In the calculation method, the ${x_{il}^{n}}$ denotes the x relative coordinate of the n-th joint of the i-th frame we calculated, the ${x_{i}^{n}}$ is the original coordinate of the n-th joint of the i-th frame, and the ${x_{1}^{1}}$ denotes the original coordinate of the first joint of the first frame. Similarly, the relative positions of all the joints are calculated. Three feature values for each joint are obtained.

3.2.2 Displacement Feature

The physical significance of the total displacement of the joints of each frame from the first frame is that it provides a long-distance temporal dependence to observe the human body movement from a global perspective. At the same time, in order to get a more detailed and comprehensive change situation, we map the change situation to the three planes $(x-y,y-z,z-x)$. The three-plane mapping of each joint and the method of calculating the total displacement are given below:

(12)

\[\begin{aligned}{}& D{x_{i}^{n}}={x_{il}^{n}}-{x_{1l}^{n}},\\ {} & D{y_{i}^{n}}={y_{il}^{n}}-{y_{1l}^{n}},\\ {} & D{z_{i}^{n}}={z_{il}^{n}}-{z_{1l}^{n}}.\end{aligned}\]

The $D{x_{i}^{n}}$ represents the displacement in the X-plane of the n-th joint of the i-th frame and the corresponding joint of the first frame, and the ${x_{il}^{n}}$ represents the relative position of the n-th joint of the i-th frame. The $D{y_{i}^{n}}$ and $D{z_{i}^{n}}$ are calculated in the same way.

The total displacement is calculated as follows:

(13)

\[ {D_{i}^{n}}=\sqrt{{\big(D{x_{i}^{n}}\big)^{2}}+{\big(D{y_{i}^{n}}\big)^{2}}+{\big(D{z_{i}^{n}}\big)^{2}}}.\]

The formula ${D_{i}^{n}}$ denotes the total displacement of the n-th joint of the i-th frame from the joint corresponding to the first frame. The four feature values for each joint are obtained with the above formula (12)–(13).

3.2.3 Velocity Feature

The intensity of displacement change per unit time of each skeletal joint is expressed in a physical sense as the velocity of each skeletal joint of the human body. The eigenvalues of the joint velocity components in the x, y, and z directions are computed as follows:

(14)

\[\begin{aligned}{}& V{x_{i}^{n}}={x_{il}^{n}}-{x_{i-1l}^{n}},\\ {} & V{y_{i}^{n}}={y_{il}^{n}}-{y_{i-1l}^{n}},\\ {} & V{z_{i}^{n}}={z_{il}^{n}}-{z_{i-1l}^{n}},\end{aligned}\]

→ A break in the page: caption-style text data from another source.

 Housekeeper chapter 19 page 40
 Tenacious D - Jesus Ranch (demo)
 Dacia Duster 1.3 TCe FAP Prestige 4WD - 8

where the $V{x_{i}^{n}}$, $V{y_{i}^{n}}$, and $V{z_{i}^{n}}$ denote the mapping values of the n-th joint in the i-th frame in the three-plane velocity. The ${x_{i-1l}^{n}}$, ${y_{i-1l}^{n}}$, and ${z_{i-1l}^{n}}$ denote the three-dimensional relative coordinate values of the n-th joint in the i-th frame. We define the three mapping values of the feature value to be zero when i is zero.

The velocity feature is calculated as follows:

(15)

\[ {V_{i}^{n}}=\sqrt{{\big(V{x_{i}^{n}}\big)^{2}}+{\big(V{y_{i}^{n}}\big)^{2}}+{\big(V{z_{i}^{n}}\big)^{2}}}.\]

3.2.4 Angle Feature

The physical meaning of an angle is that it provides a geometrical feature of the human body structure and represents the geometrical relationship between neighbouring joints. In our definition, an angle is composed of three joints. We preferentially define two neighbouring joints as the corresponding angles of the intermediate joints. The combination of angles is identified by us as (J², J¹, J³), (J¹, J², J³), (J², J³, J¹), (J², J⁴, J⁵), ( J⁴, J⁵, J⁶), (J⁵, J⁶, J³), (J², J⁷, J⁸), (J⁷, J⁸, J⁹), (J⁸, J⁹, J³), (J¹, J¹⁰, J¹¹), (J¹⁰, J¹¹, J¹²), (J¹¹, J¹², J³), (J¹, J¹³, J¹⁴), (J¹³, J¹⁴, J¹⁵), (J¹⁴, J¹⁵, J³), where each combination represents the angle of the joint at its intermediate position. Taking (A, B, C) as an example, we calculate the angle between $\overrightarrow{\mathrm{BA}}$ vector and $\overrightarrow{\mathrm{BC}}$ vector as the angle feature of joint B as follows:

(16)

\[ \begin{aligned}{}& \overrightarrow{\mathrm{BA}}=({A_{x}}-{B_{x}},{A_{y}}-{B_{y}},{A_{z}}-{B_{z}},),\\ {} & \overrightarrow{\mathrm{BC}}=({C_{x}}-{B_{x}},{C_{y}}-{B_{y}},{C_{z}}-{B_{z}}).\end{aligned}\]

The vectors $\overrightarrow{\mathrm{BA}}$ and $\overrightarrow{\mathrm{BC}}$ are calculated by subtracting the values of the B joints using the skeletal joints A and C, respectively.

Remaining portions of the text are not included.